The boot partition was overwritten.
first natural thing to do when you do something really destructive on the computer is to panic. If you keep a cool head and don't start smacking keys, you sometimes think of a solution. I kept cool and thought:
Wait, I haven't rebooted yet. The kernel is loaded into memory. There's still time to act.
Experienced OpenBSD users will know what I knew: OpenBSD has sane defaults. One of those sane defaults is the daily security(8) script. During each run it makes a backup of all the disklabels (and a lot of /etc). As long as your system has run overnight at least once since you created or changed the disklabel(5), there's a backup in /var/backups.
All I needed to do was relax, copy the disklabel(5) to a thumbdrive, restore it and console myself over a few losses and berate my stupidity:
Yeah, sure, I've probably lost the root partition but /home, /usr/ports/mystuff and a few other important directories are OK, right?
Not so fast. Nuking the disklabel(5) is actually worse than deleting the kernel file. The kernel will run since it's loaded in memory. Overwriting the disk to the tune of ~280 MB while the system is running is really bad. While I was reassuring myself that I could recover the disklabel(5) the system hung, leaving me to contemplate my backup system.
I have a backup system. It's the best backup system. Everybody says so. Every night, my computers backup themselves up to a FreeNAS server. ZFS snapshots FTW.

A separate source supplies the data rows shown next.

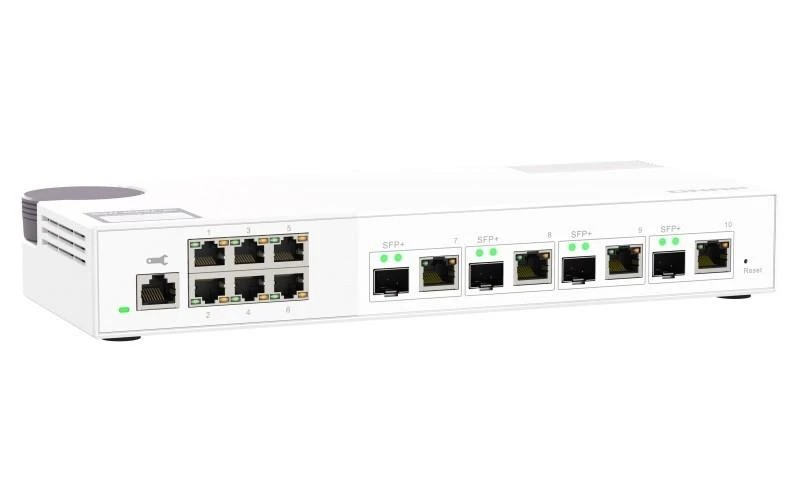 Šakotuvas QNAP QSW-M2106-4C
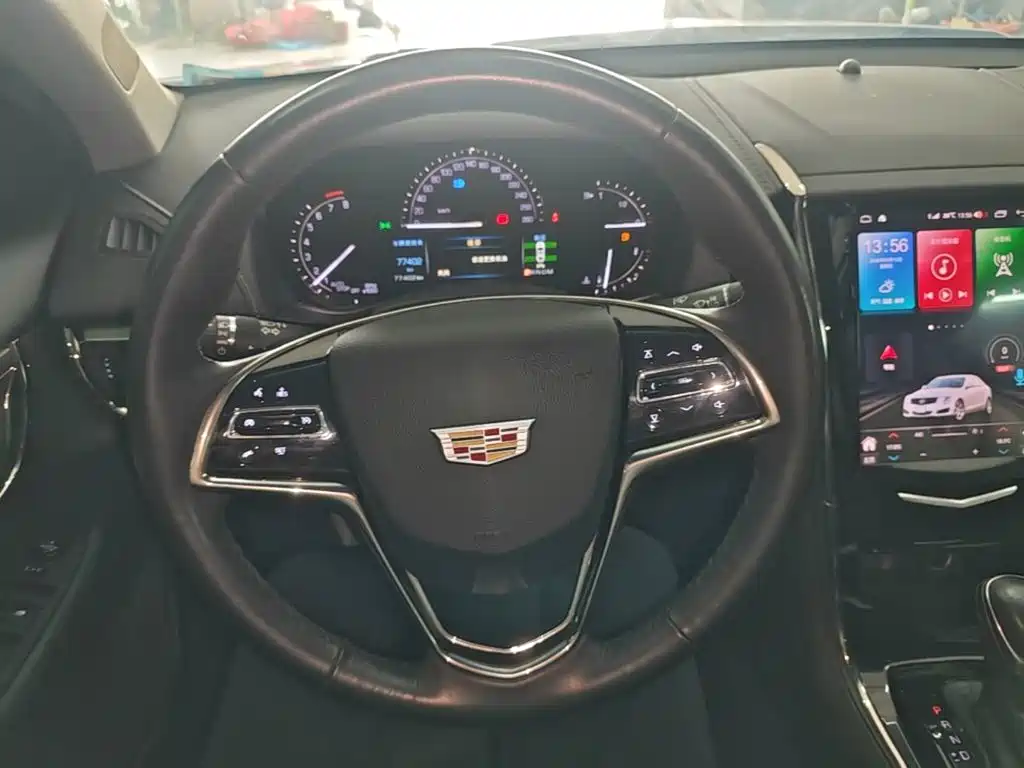 Cadillac ATS-L — миниатюра 11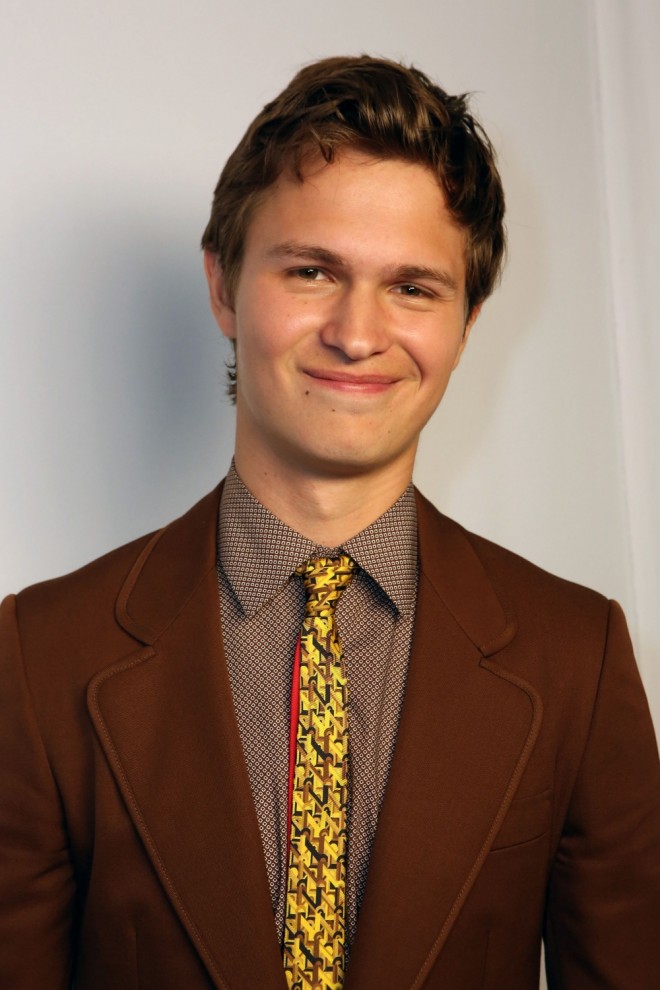 Ansel Elgort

Surely there'd be a copy of /var/backups/disklabel.sd1. Of course there would...unless someone had recently deleted the backup dir and not created a new backup point.
Time to panic.
- rarely needed when you have them
- rarely needed when you don't
But you'll miss them sorely in the latter situation.
There's not much to do when you've nuked the disklabel, the kernel is hung and you don't have a backup. Panic, rage or even cry. At some point it's over. It's time to go gentle into that good night....
Or is it?
What if you run an operating system that's so insanely sane that it's well documented? What if it's so well documented that reading the man(1) pages is interesting? What if your self-proclaimed super power is reading man pages during lunch?
In other words, what if you know your OS well enough that a glimmer of hope appears?
About now, experienced OpenBSD users are jumping up and down screaming "scan_ffs(8)!"
It's OK to ask for help. But read the man pages first. Practice your search-fu.
Whining on misc@ will not help...whatever you're complaint is.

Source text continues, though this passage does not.